Short text fragments from websites
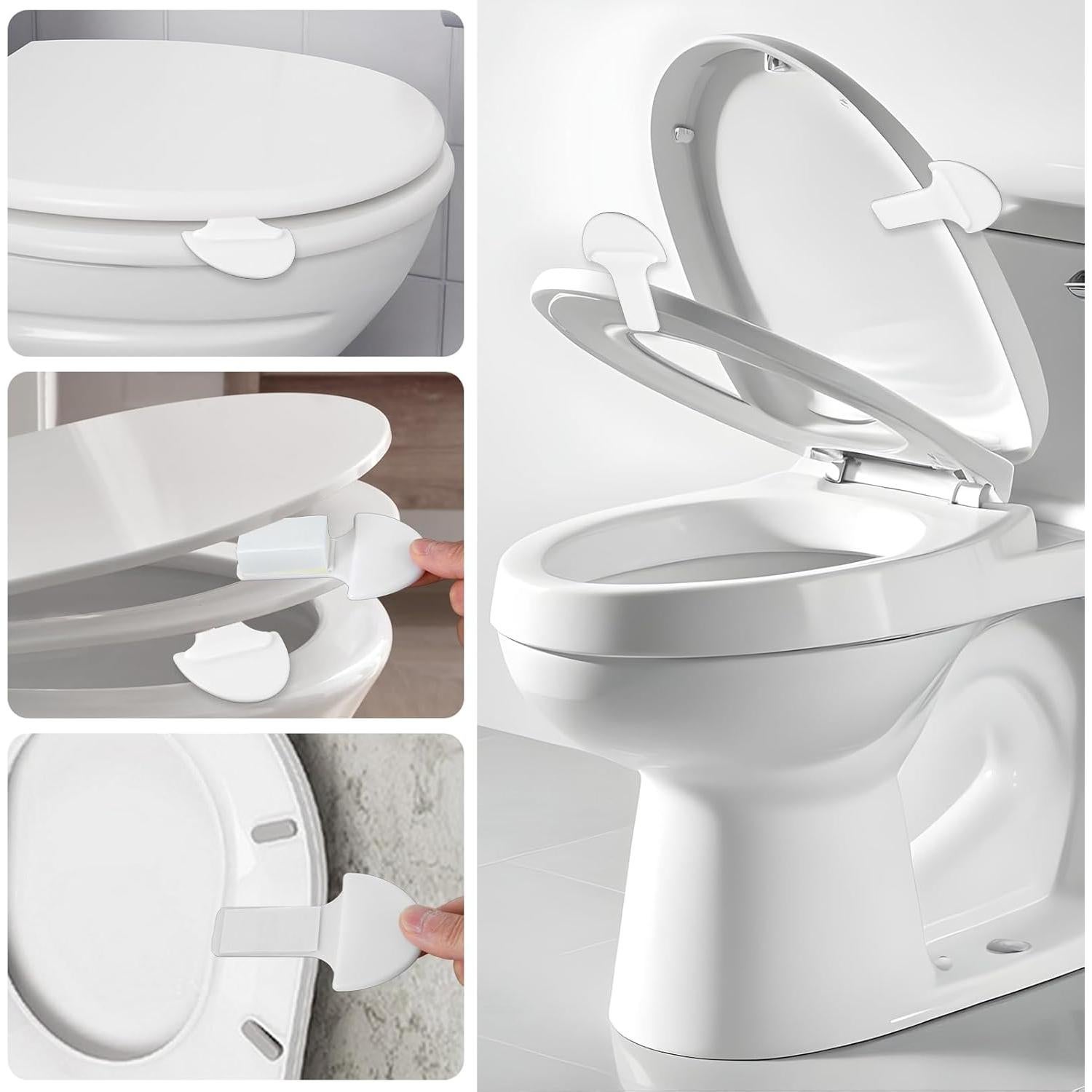 Elevadores de Asiento de Inodoro Adhesivos Mabor - 4 Piezas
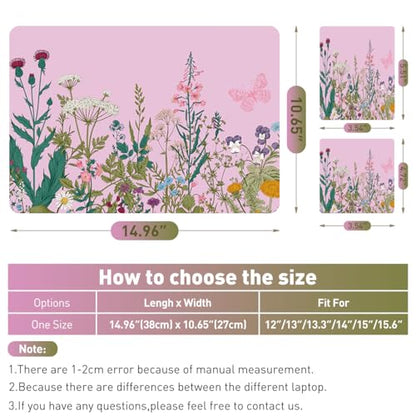 15-15.6 inches Netbook Laptop Skin Sticker Decal Reusable Cover Protector for 11.6 12 13 13.3 14 15 15.4 Notebook Chromebook PC, Scratch-Resistant Waterproof I Retro Botanical - color: Retro Botanical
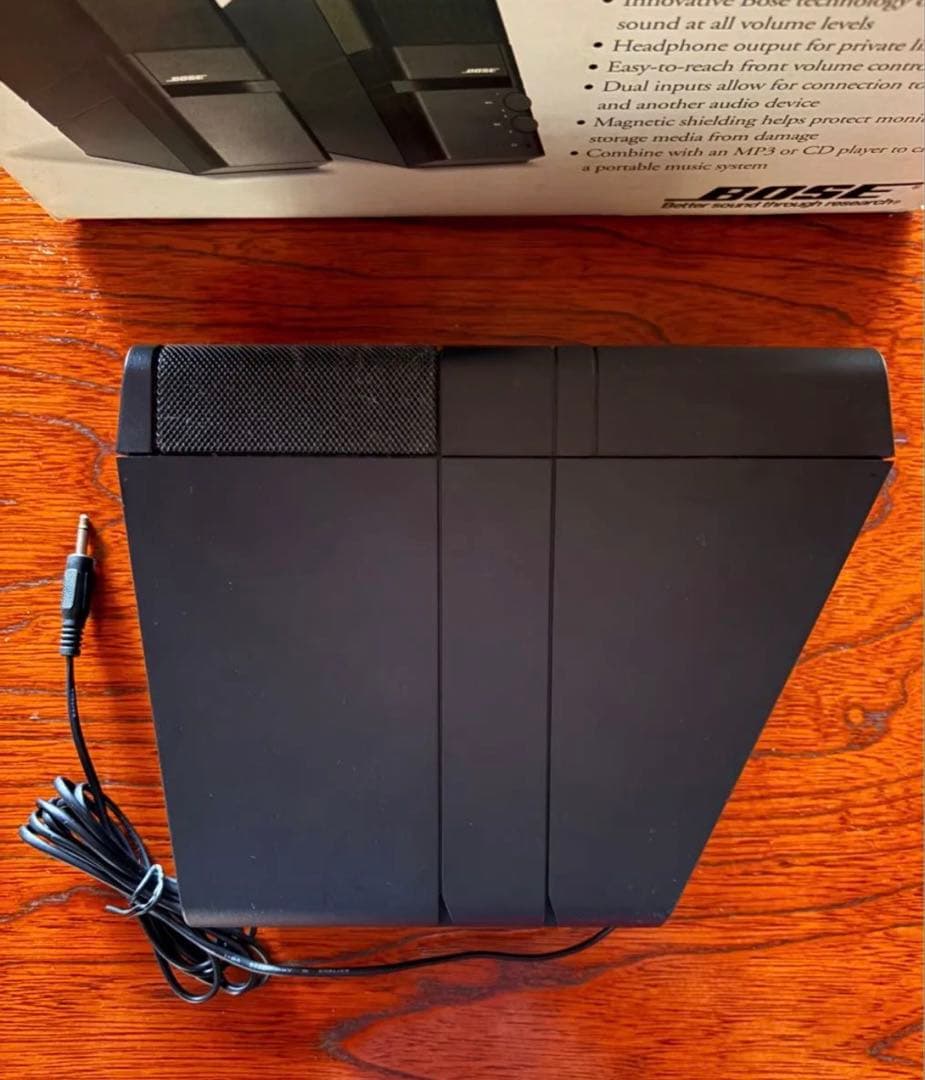 【美品】BOSE（ボーズ）MediaMate パワーアンプ内蔵スピーカーセット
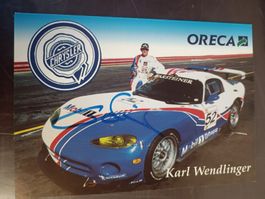 Karl Wendlinger - handsigniert - Motorsport
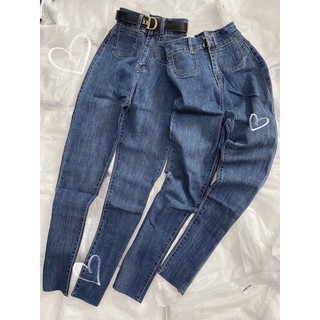 10860 quần jean ôm 2 nút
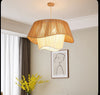 Tiered Rattan Pendant Lamp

WORK ORDER: Would you transcribe each of the entries exactly, skipping the pictures?

YOUR RESPONSE:
 Elevadores de Asiento de Inodoro Adhesivos Mabor - 4 Piezas
 15-15.6 inches Netbook Laptop Skin Sticker Decal Reusable Cover Protector for 11.6 12 13 13.3 14 15 15.4 Notebook Chromebook PC, Scratch-Resistant Waterproof I Retro Botanical - color: Retro Botanical
 【美品】BOSE（ボーズ）MediaMate パワーアンプ内蔵スピーカーセット
 Karl Wendlinger - handsigniert - Motorsport
 10860 quần jean ôm 2 nút
 Tiered Rattan Pendant Lamp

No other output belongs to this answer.